__Data for the task__.

*** Begin section ***

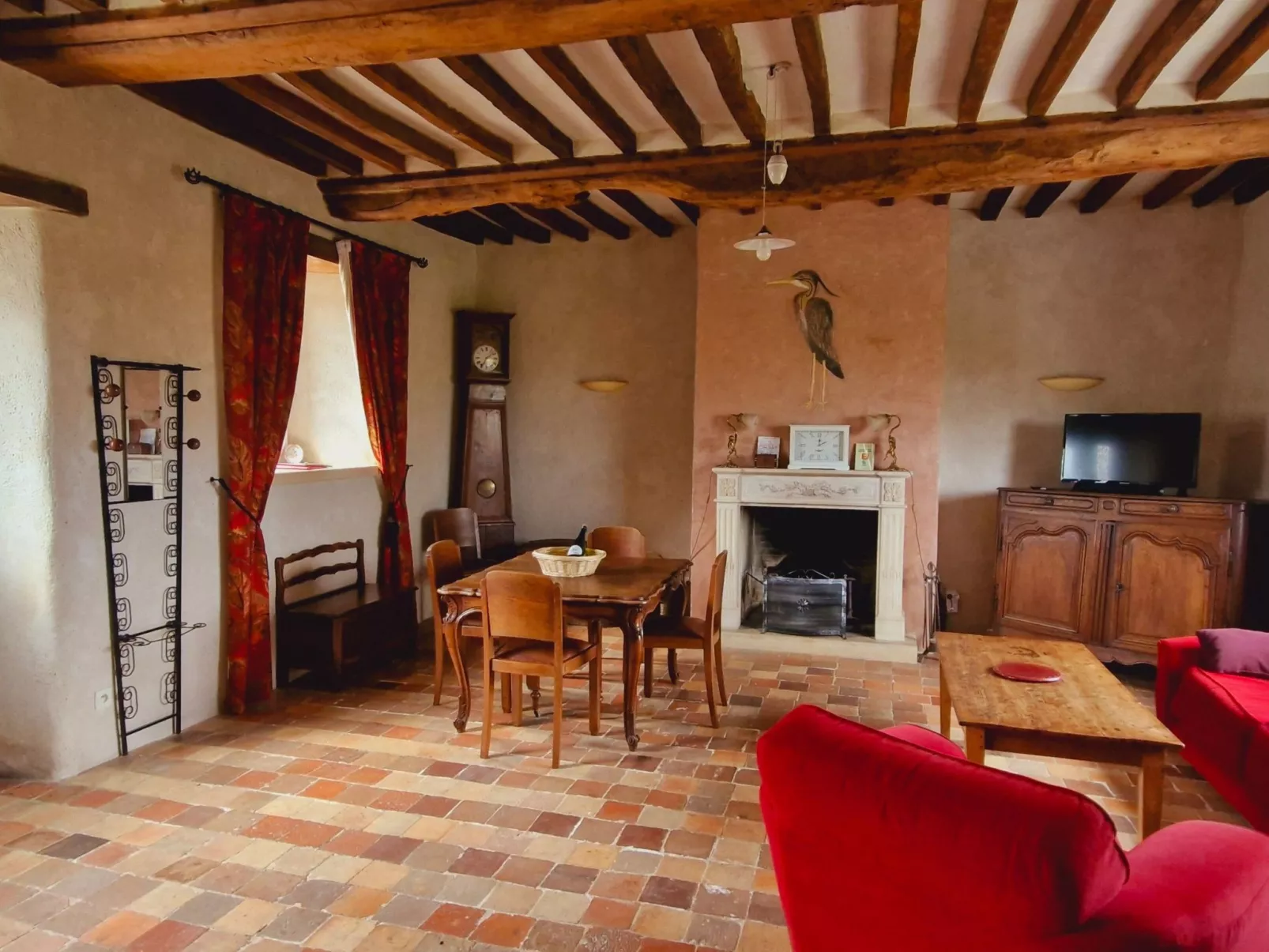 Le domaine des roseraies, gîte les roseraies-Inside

*** End section ***
*** Begin section ***

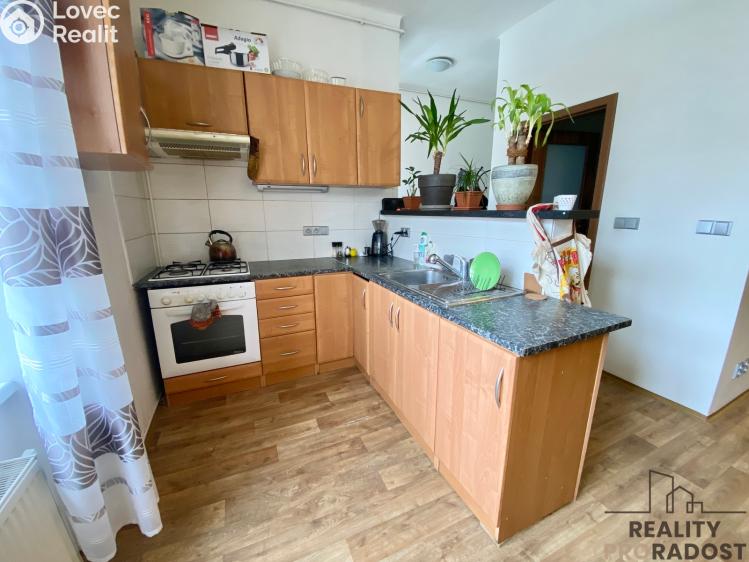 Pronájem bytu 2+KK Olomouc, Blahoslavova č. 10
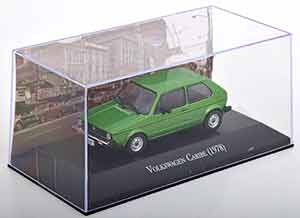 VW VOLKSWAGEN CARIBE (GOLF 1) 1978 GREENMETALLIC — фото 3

*** End section ***

__Goal of the exercise__.
Take the lines above starting at the one containing "Pronájem bytu 2+KK" and ending at the one containing "VW VOLKSWAGEN CARIBE", and print them again exactly, without pictures.

__Exercise response__.
 Pronájem bytu 2+KK Olomouc, Blahoslavova č. 10
 VW VOLKSWAGEN CARIBE (GOLF 1) 1978 GREENMETALLIC — фото 3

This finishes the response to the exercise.